My mom had already instilled in me some basic cleaning principles: leave a bathroom sink in as pristine a condition as before you used it, always wash the bathtub after use, always drop dirty clothes in the hamper, and so on. You get the drift. If I was already so prepped for cleaning, why not take it all on? How hard could it be? Humph! Little did I know what I was getting into.


After a little hesitation on her part, Mom finally came around to my way of thinking and let me take on the responsibility of keeping the house clean. However, I soon ran into a teensy-weensy fly in the ointment. While my mother seemed appreciative of my labors, it never failed that if Mom didn't have to work on one of my cleaning days, she would graciously "help" me. Alright! I thought that first time. My work just got easier! Not.

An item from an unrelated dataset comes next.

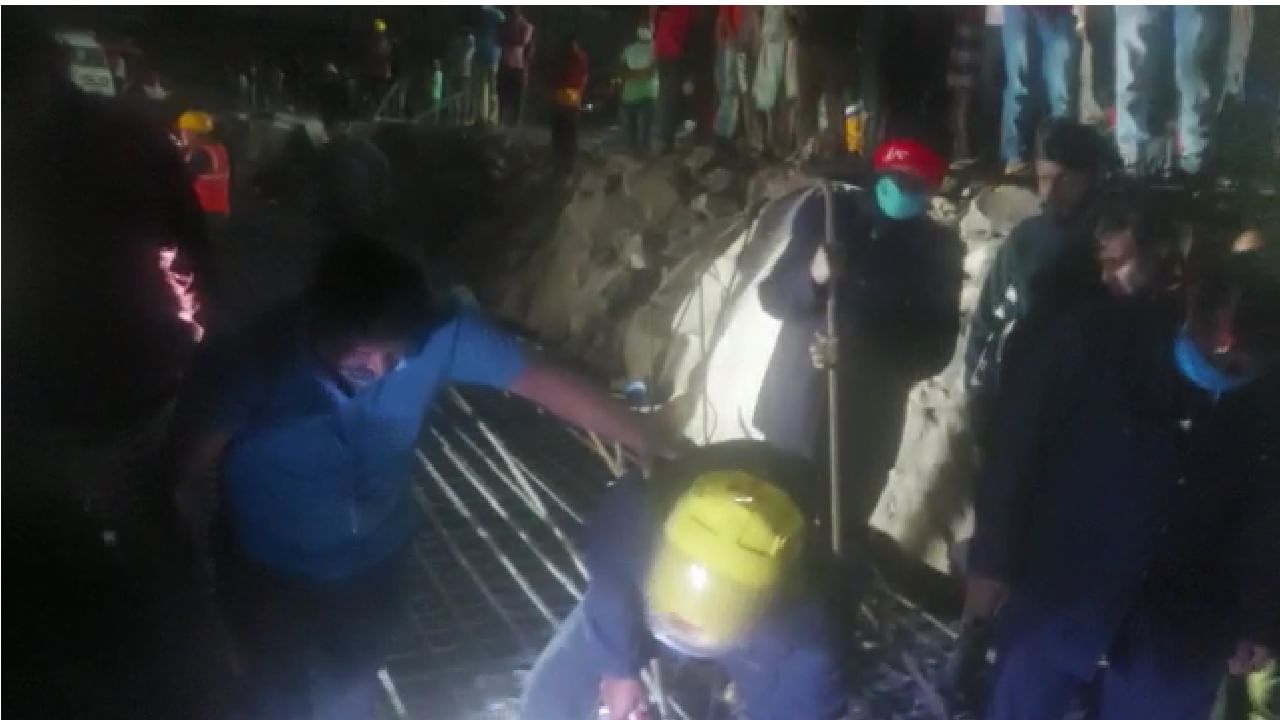 Pune Building Slab Collapse : पुण्यातील स्लॅब दुर्घटना प्रकरणी पुणे पोलिसांची मोठी कारवाई, चार जणांना अटक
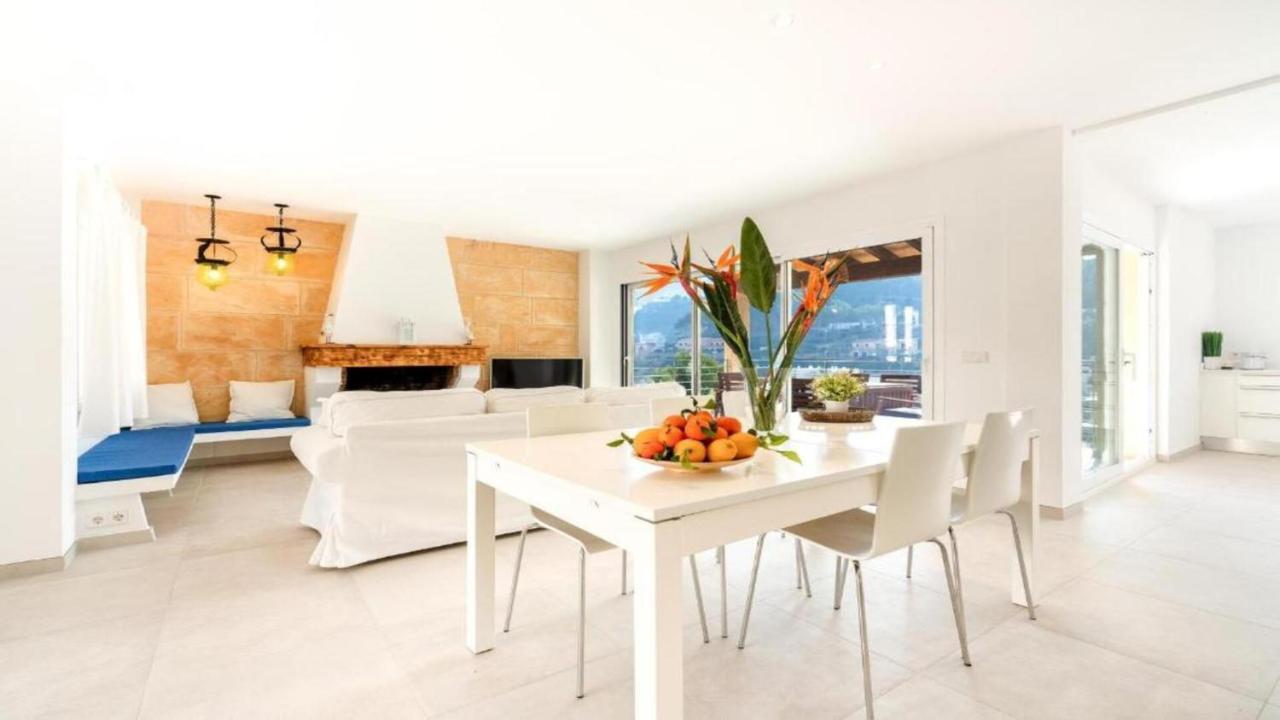 Apartamento Guillem Cala de Sant Vicenc Buitenkant foto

While an extra pair of hands did indeed expedite the work, there was one aspect of Mom's cleaning I came to dread. Invariably she would find a new place to clean—the top of the door frame, this corner, that corner ... new places ad nauseum! It didn't take me long to not like having Mom help me. The new place she found to clean would be added to my list of things I needed to maintain on my own. Every time I cleaned. For perpetuity. And one thing about Mom—she wasn't shy about voicing her opinion. She would let me know in no uncertain terms if I failed to follow through.


Nope. I much preferred cleaning on my own!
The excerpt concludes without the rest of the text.